Wednesday, September 17, 2014

Patient Advocacy: Healthcare on your Side

Patient Advocacy: Healthcare on your side

  a weekly blog by Martine Brousse, 
Healthcare Specialist, Patient Advocate, Certified Mediator

Reduce your Out Of Network Bills *

Scenario: You recently had surgery, or ended up in the ER. One (or more) physician evaluated you. Not all are part of your insurance network, and you are now receiving outrageous fees. You did not choose them or directly request their services. How can you get out of paying these bills? 

This is routinely happening in our times of restricted insurance coverage, smaller networks, reduced choice of in-network providers and growing trend among physicians of opting out of all contracts. 

Appeals made by patients are often rejected.
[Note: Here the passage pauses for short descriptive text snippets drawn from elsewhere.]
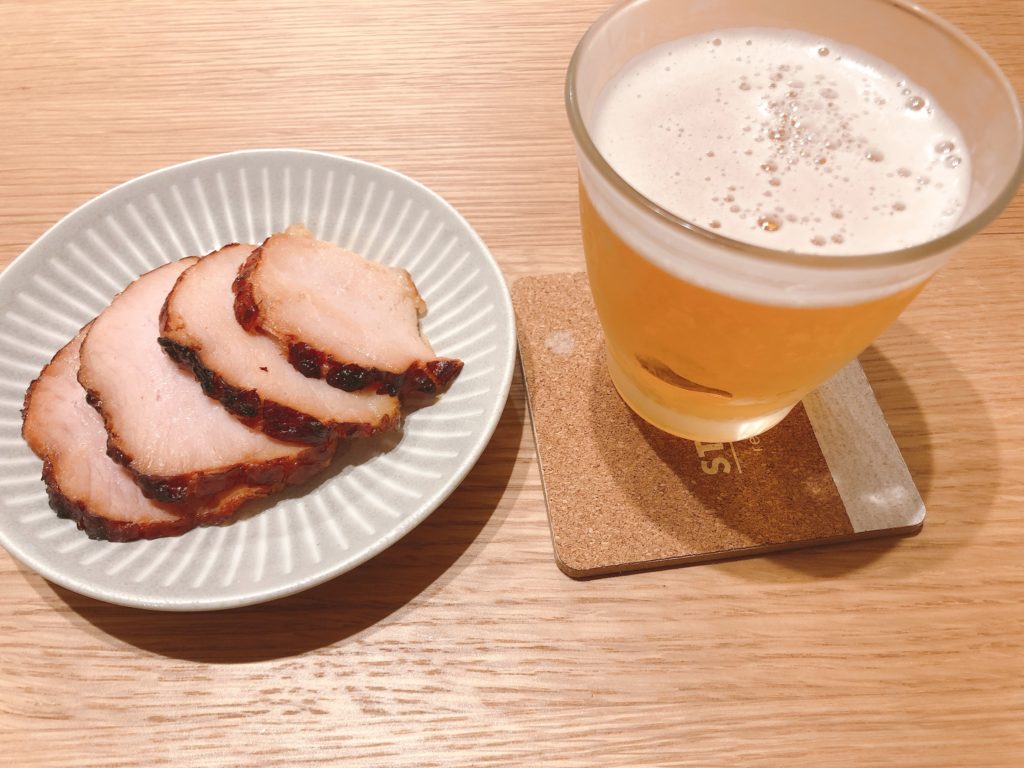 焼豚とビール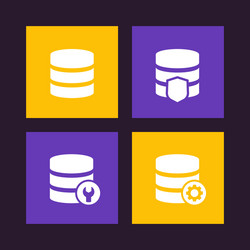 database data storage icons vector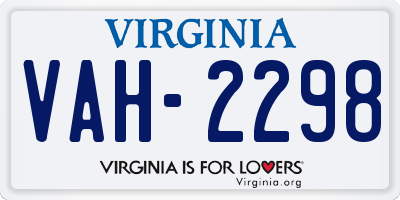 VA license plate VAH2298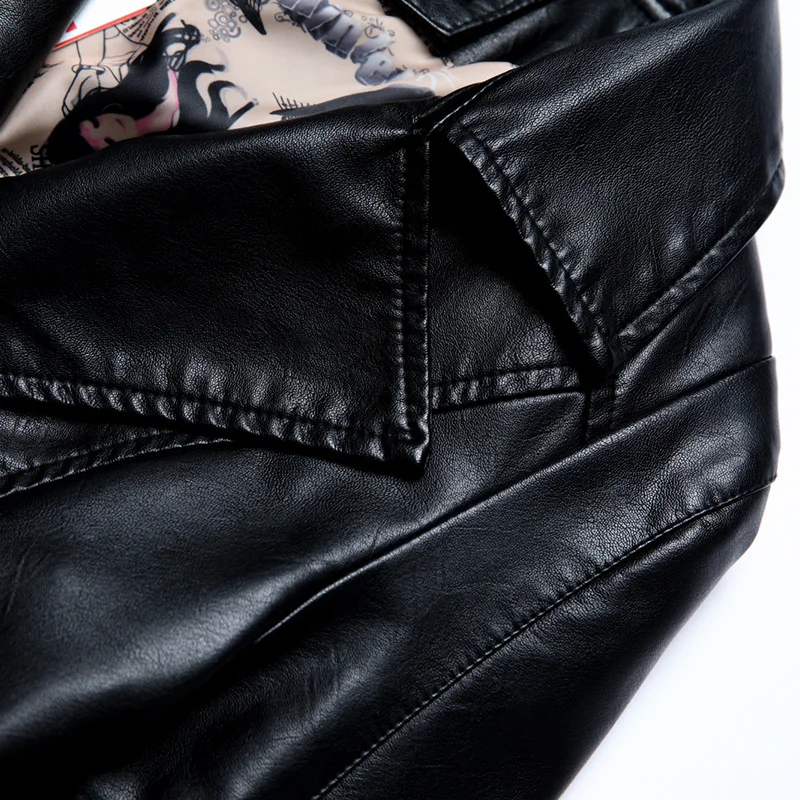 Весенняя женская короткая кожаная куртка из искусственной кожи Женская на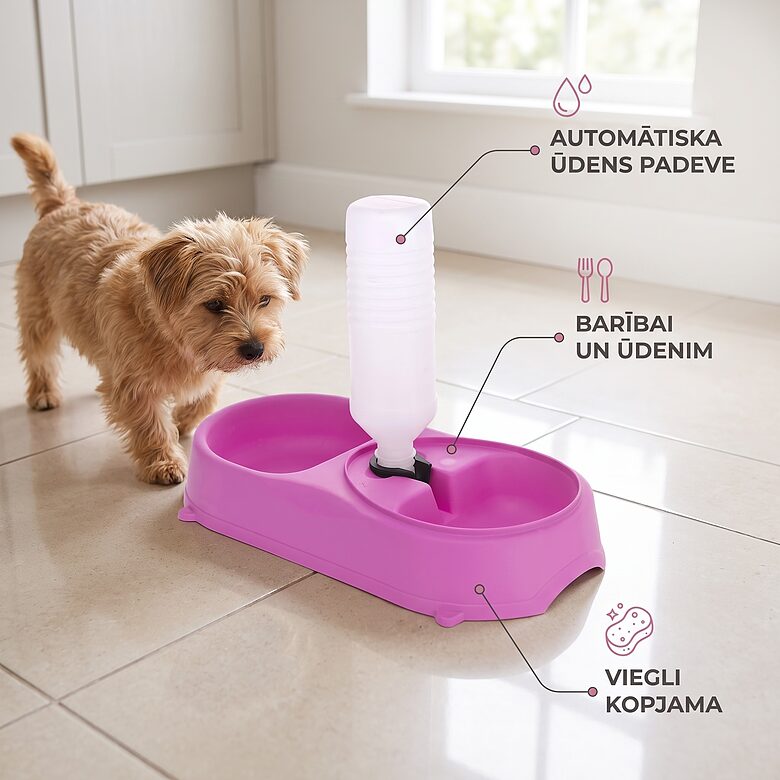 Dzīvnieku barošanas bļodiņa ar papildus ūdens rezervuāru
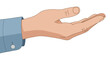 © LOBSTER LARRY - Outstretched open hand gesture in flat style with blue shirt sleeve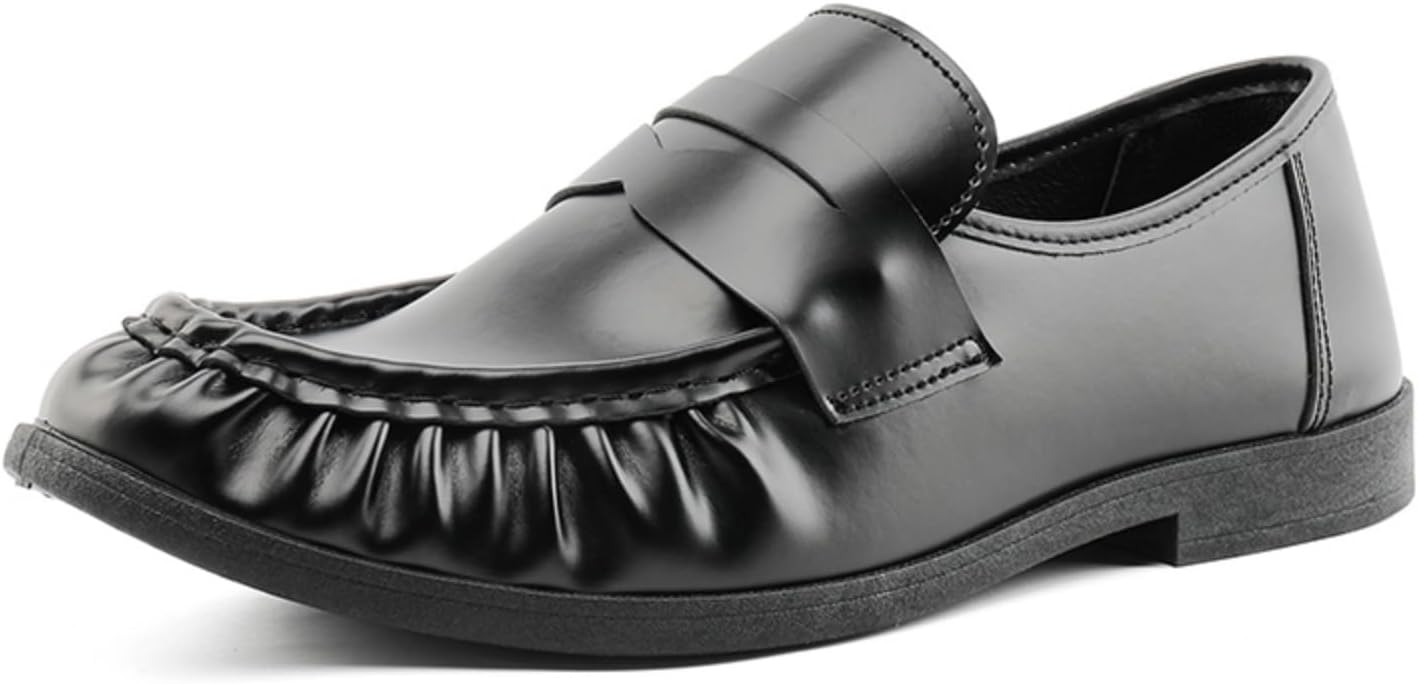 

Мужские кожаные лоферы-слипоны с отделкой под пенни, легкие и удобные, дышащие, для делового повседневного стиля, офиса, поездок, прогулок, вождения, свиданий, вечеринок; классические черно-белые туфли Yrzhgdl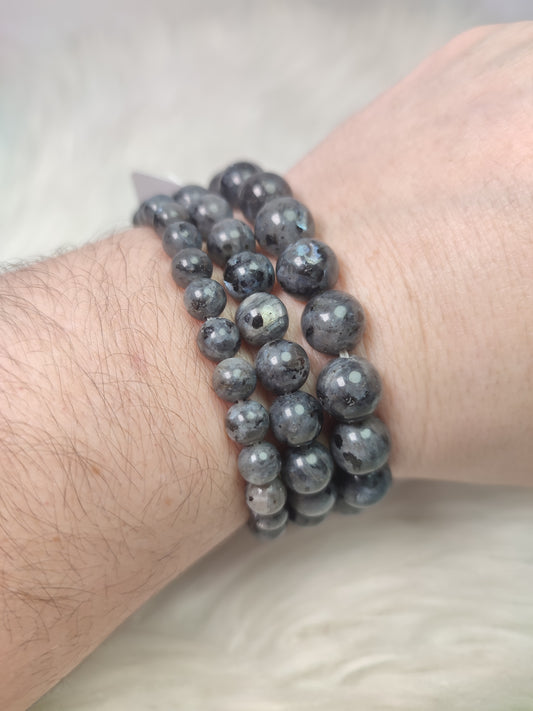 Pulsera larvikita elástica esferas - 10 mm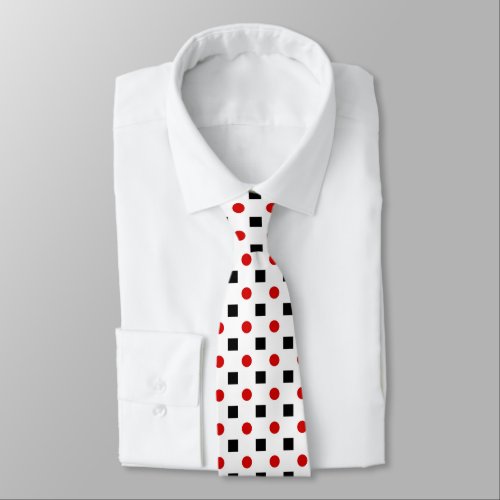 Black Squares Red Polka Dots Pattern White BG Tie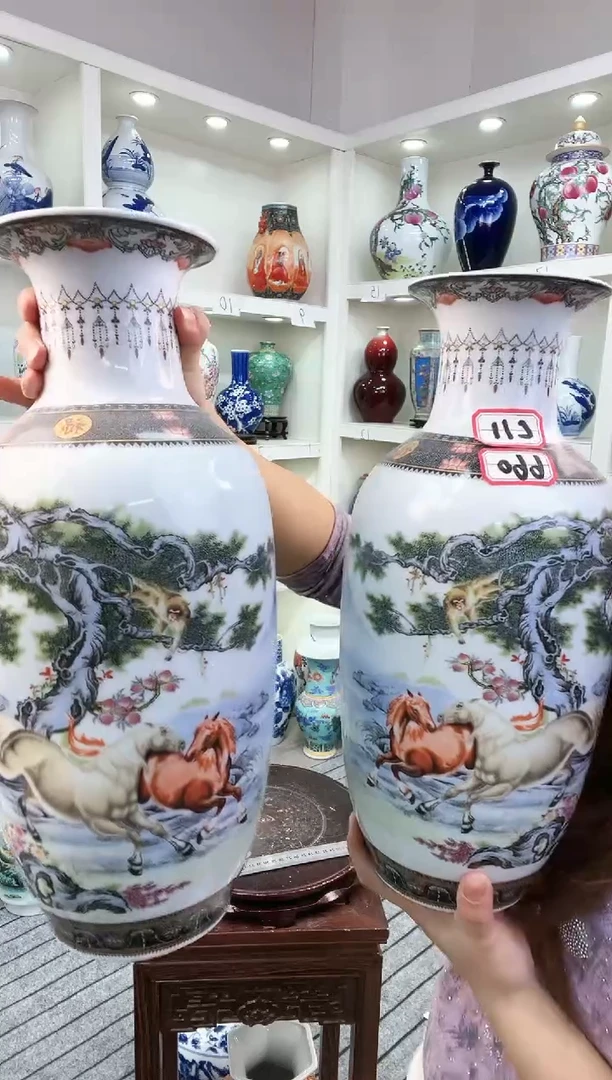 【闪购商品】陶瓷景德镇高温陶瓷摆件花瓶 一对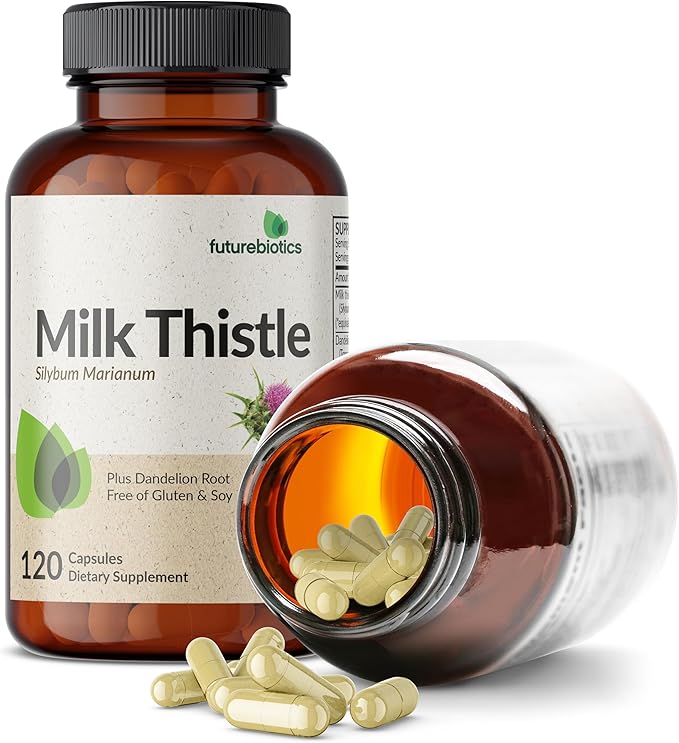 Futurebiotics Milk Thistle Silymarin Marianum & Dandelion Root Liver Health Support, Antioxidant Support, Detox, 120 Capsules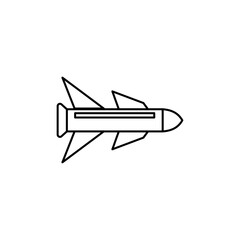 Rocket ship icon outline. Flat line icon. Rocket vector illustration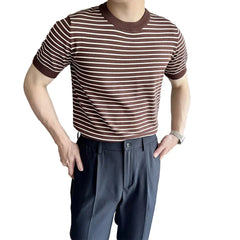 HEARUJOY - Crew Neck Blouse Men Korean Style T-shirt Applicable Gender Men Brand New Condition Korean Style Fashion Summer Casual Outfit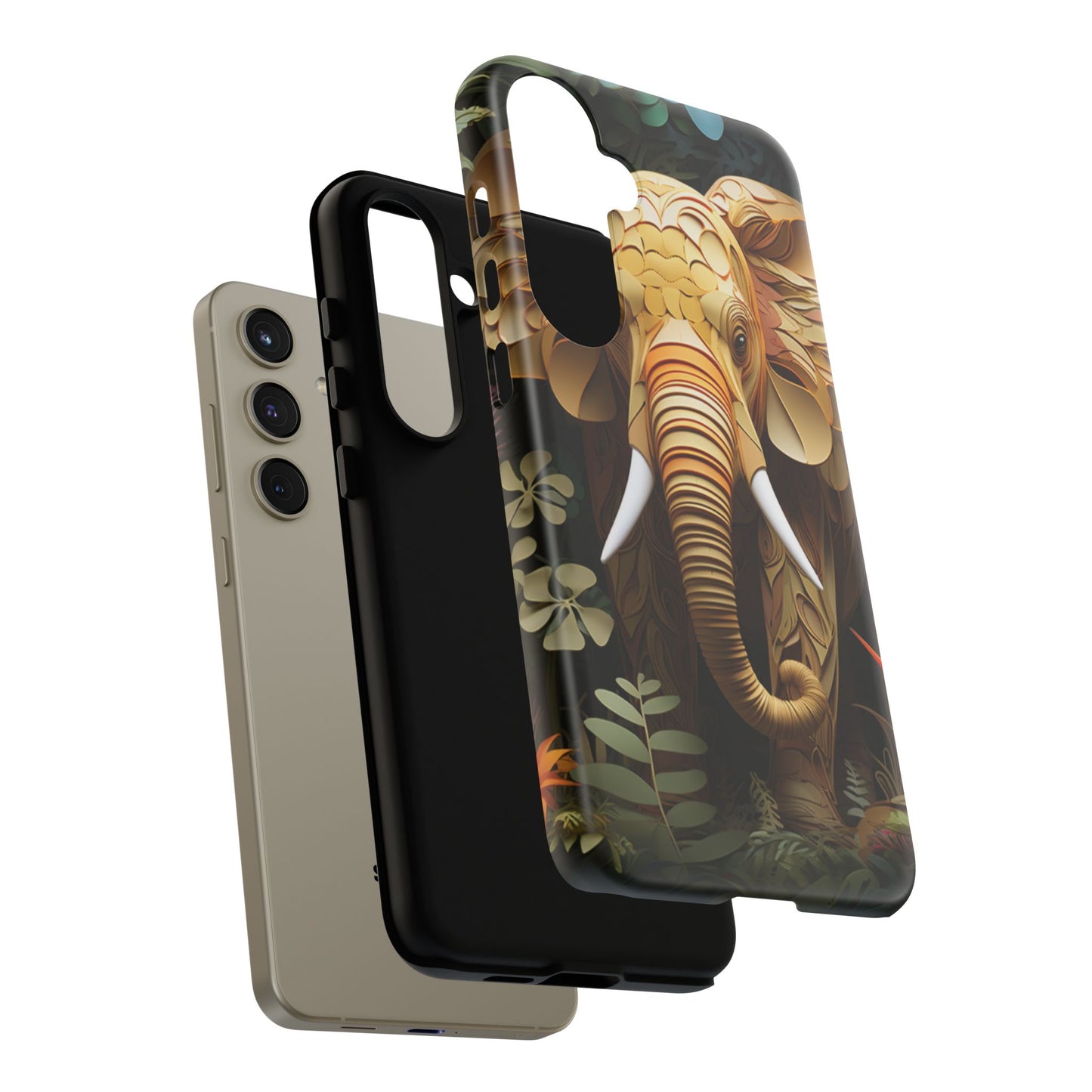 Golden Jungle Elephant Mobile Cover – Intricate Paper Art Design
Reasons range from "it is the patient's responsibility to use in network providers" to "the policy has a strict exclusion for all out of network services". 

Understand that you may have to pay something for the services rendered to you. But know that you do have options, and rights, at your disposal before taking out your credit card.

1. Get the insurance to pay

If the hospital is "in network", but the insurance paid a provider at the out of network rate, file an appeal and demand they pay the higher contracted rate based on the preferred contracted status of the facility. Other arguments should include: You had no choice in the matter, you went to the correct facility, services were medically necessary, this was the only specialist available, or none of the specialists on call were providers (often the case with anesthesiologists). 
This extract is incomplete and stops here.